→ TASK TO CARRY OUT
Starting at the line that holds "Double Chain Heart Choker" and stopping at the line that holds "BridgnorthBold Font –", restate the records below word for word, with both of those lines included.

→ SOURCE DATA

- - - -

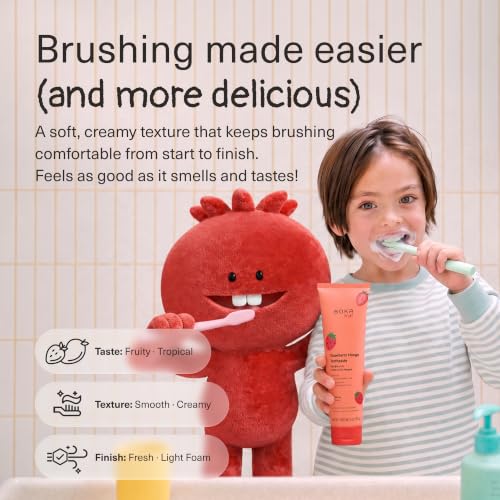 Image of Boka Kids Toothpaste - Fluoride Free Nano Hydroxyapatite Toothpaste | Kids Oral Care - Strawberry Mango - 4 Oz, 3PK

- - - -

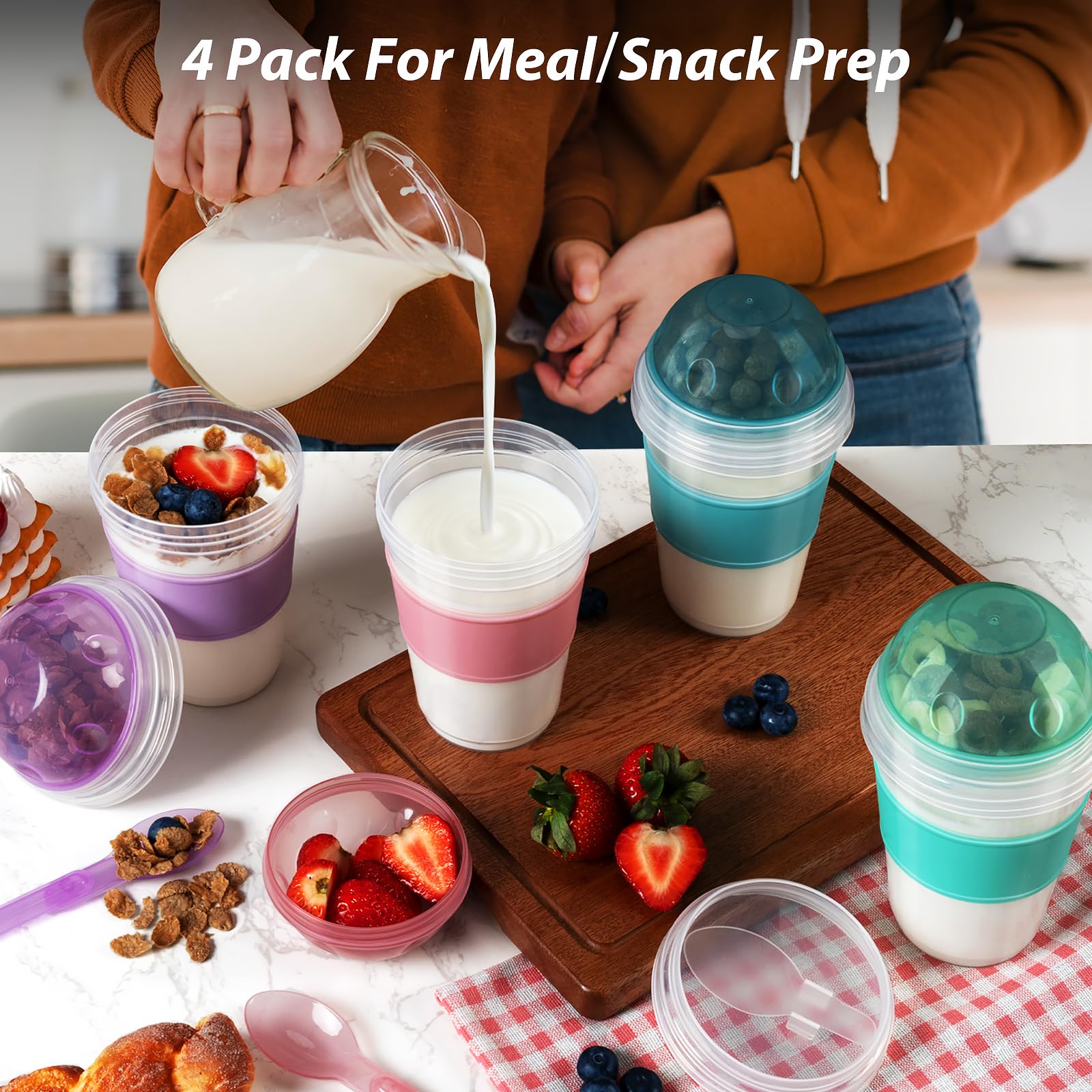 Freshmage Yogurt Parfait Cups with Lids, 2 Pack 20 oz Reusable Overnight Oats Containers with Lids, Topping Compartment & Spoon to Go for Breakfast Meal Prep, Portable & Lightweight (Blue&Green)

- - - -

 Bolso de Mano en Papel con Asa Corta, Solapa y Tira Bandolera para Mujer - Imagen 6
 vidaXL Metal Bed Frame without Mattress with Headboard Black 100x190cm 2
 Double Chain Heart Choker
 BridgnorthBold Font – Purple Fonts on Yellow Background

- - - -

→ ANSWER FOR THE TASK
 Double Chain Heart Choker
 BridgnorthBold Font – Purple Fonts on Yellow Background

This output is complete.